On Wed, Sep 21, 2011 at 3:42 AM, Tim Williams <tijawi@gmail.com> wrote:
> Again, the point of this exercise completely eludes me.  All you're
> doing is putting together a DNA consensus sequence for this part of
> the alpha-2 collagen gene, based solely on a couple of bird sequences.

Yes.

>  Even if you manage get the homologous sequences from more birds or
> crocodilians, it still won't tell you what the _T. rex_ DNA sequence
> actually was.

Oh, it will. Bird DNA sequences, crocodilian DNA sequences and
dinosaurian peptide sequences. I've showed how bird DNA sequence help
to complete croc DNA sequence with the info obtained with croc peptide
sequence.


>  You'll just get a consensus sequence drawn from a
> higher tally of constituent DNA sequences (birds and crocodilians).
> Yes, the DNA sequence for _T. rex_ will probably conform to the
> consensus sequence - but so what?

So it shows that unkown ancient (and lost) DNA sequences could, in
principle, be recovered (in a probabilistic manner).

Practical use? Maybe the same practical use of to know the ancient
dinosaur colour pattern or its mating behaviour.

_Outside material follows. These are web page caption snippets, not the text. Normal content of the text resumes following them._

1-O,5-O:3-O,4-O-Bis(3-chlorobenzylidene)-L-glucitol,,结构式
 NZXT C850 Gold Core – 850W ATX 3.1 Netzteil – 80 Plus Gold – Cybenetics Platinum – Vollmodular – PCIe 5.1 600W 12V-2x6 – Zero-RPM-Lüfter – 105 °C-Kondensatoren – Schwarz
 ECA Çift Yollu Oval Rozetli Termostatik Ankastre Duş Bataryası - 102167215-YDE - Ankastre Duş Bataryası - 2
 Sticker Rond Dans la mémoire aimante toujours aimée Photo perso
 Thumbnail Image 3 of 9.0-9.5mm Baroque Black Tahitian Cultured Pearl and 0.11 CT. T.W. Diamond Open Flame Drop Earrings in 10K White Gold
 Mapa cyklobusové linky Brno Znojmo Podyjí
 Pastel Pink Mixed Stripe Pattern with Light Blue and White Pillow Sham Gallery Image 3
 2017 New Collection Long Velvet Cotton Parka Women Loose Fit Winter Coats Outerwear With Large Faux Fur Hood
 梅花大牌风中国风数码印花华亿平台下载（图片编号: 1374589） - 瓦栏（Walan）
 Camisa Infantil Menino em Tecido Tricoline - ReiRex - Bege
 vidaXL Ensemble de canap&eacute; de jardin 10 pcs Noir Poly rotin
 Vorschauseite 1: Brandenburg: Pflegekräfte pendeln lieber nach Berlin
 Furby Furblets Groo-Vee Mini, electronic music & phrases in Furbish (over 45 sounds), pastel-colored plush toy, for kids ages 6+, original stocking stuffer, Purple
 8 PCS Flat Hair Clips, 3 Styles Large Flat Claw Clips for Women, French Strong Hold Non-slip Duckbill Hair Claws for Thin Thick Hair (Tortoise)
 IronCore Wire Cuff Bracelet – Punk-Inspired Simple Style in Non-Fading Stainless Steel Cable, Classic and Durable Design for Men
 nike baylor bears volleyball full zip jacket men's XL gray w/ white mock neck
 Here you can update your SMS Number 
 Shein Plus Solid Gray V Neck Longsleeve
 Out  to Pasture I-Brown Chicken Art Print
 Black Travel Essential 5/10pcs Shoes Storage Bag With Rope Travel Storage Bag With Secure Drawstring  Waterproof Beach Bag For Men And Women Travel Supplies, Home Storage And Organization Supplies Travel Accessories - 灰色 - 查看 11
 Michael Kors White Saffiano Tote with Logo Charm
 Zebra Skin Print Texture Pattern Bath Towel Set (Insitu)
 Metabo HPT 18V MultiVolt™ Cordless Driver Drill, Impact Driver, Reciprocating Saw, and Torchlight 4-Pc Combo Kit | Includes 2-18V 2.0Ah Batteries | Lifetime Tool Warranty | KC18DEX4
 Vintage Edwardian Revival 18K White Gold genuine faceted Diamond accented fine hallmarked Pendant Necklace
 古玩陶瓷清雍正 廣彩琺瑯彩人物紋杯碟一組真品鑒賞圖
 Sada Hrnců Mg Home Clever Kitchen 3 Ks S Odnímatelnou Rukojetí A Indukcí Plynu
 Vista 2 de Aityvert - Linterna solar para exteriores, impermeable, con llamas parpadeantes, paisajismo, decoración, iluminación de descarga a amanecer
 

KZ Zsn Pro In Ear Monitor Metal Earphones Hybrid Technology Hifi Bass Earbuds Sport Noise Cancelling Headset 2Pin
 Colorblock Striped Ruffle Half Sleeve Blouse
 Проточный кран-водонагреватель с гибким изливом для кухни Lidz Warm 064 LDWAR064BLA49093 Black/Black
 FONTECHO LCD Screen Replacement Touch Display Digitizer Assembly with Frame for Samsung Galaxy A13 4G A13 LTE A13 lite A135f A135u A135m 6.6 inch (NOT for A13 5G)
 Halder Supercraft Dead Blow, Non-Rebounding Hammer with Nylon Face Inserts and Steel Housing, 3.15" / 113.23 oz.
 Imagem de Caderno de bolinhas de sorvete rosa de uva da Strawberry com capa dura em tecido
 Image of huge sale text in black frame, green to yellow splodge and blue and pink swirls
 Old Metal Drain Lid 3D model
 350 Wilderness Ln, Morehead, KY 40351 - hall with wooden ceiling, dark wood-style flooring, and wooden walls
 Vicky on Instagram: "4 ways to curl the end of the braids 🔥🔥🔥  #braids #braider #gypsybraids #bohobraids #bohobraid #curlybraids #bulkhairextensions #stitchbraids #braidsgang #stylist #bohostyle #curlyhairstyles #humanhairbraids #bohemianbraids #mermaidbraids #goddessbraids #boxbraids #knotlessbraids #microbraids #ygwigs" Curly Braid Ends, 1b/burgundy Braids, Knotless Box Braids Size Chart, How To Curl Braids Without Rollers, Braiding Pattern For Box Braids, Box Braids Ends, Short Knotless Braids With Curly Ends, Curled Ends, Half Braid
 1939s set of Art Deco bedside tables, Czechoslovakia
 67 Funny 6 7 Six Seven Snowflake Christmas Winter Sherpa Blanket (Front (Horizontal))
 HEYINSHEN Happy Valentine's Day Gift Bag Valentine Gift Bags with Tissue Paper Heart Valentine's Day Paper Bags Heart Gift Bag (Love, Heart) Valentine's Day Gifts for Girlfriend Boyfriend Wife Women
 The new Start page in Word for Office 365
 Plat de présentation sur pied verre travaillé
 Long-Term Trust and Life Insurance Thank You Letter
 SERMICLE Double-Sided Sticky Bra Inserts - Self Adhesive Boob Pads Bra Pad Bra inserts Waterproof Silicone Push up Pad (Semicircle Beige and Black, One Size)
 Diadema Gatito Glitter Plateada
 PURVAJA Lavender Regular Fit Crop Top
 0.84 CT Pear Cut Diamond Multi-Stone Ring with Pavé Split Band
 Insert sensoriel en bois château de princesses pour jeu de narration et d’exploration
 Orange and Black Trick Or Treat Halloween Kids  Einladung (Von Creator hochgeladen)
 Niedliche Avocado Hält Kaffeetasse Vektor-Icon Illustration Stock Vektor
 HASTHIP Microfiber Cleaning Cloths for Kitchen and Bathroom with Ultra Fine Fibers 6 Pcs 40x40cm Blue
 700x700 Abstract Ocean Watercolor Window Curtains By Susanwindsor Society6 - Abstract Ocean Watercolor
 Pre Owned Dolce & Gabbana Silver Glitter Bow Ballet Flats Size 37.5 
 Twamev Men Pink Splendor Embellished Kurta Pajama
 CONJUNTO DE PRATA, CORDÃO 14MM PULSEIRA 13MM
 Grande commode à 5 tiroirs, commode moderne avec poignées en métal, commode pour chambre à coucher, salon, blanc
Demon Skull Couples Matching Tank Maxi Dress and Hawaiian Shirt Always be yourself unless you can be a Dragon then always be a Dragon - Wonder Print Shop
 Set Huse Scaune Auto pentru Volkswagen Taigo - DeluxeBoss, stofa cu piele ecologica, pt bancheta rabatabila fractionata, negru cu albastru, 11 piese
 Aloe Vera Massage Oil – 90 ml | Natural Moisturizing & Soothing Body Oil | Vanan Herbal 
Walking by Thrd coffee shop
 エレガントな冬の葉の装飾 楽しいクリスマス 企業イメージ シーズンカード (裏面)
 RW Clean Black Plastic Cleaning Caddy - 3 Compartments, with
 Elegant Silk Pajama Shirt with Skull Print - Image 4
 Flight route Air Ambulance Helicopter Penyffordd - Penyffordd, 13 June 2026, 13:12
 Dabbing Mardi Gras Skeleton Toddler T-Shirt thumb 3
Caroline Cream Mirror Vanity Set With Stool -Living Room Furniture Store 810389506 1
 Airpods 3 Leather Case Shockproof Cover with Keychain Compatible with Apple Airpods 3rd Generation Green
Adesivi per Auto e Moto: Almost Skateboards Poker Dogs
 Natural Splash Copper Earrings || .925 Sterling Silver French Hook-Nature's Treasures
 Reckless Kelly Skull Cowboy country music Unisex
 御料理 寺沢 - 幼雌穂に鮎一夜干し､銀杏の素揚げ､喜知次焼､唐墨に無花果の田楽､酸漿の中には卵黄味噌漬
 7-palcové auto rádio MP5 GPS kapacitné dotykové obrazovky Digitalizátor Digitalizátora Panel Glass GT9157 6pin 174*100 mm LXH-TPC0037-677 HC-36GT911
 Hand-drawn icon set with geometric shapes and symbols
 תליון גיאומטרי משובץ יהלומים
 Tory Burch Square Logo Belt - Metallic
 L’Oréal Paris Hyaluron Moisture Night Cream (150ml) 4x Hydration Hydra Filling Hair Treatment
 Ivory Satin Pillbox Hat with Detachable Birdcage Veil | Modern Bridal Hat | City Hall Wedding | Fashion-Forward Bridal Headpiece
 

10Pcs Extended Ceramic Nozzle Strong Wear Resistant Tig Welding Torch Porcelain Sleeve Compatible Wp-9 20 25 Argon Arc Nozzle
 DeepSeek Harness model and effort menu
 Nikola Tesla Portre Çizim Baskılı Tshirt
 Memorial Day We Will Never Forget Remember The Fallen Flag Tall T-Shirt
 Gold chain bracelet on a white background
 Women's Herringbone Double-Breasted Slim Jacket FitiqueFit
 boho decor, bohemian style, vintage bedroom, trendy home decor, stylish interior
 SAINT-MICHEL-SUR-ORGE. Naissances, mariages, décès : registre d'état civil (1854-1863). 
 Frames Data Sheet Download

A very distant (far-fetched) potential use would be in
pharmacogenetics. Suppose that we find a ancient fungal lineage and
recover from it a peptide with antibiotic activity. The secondary and
tertiary mRNA structure have some importance in the control of the
protein synthesis, and it depends on the RNA sequence. If we want to
synthetize a gene that code such a peptide and make a transgenic
organism that produce such peptide in industrial scale, it could helps
if a genetic sequence similar to the original one is used.

But I would say that because it is cool is the answer to "why do that?"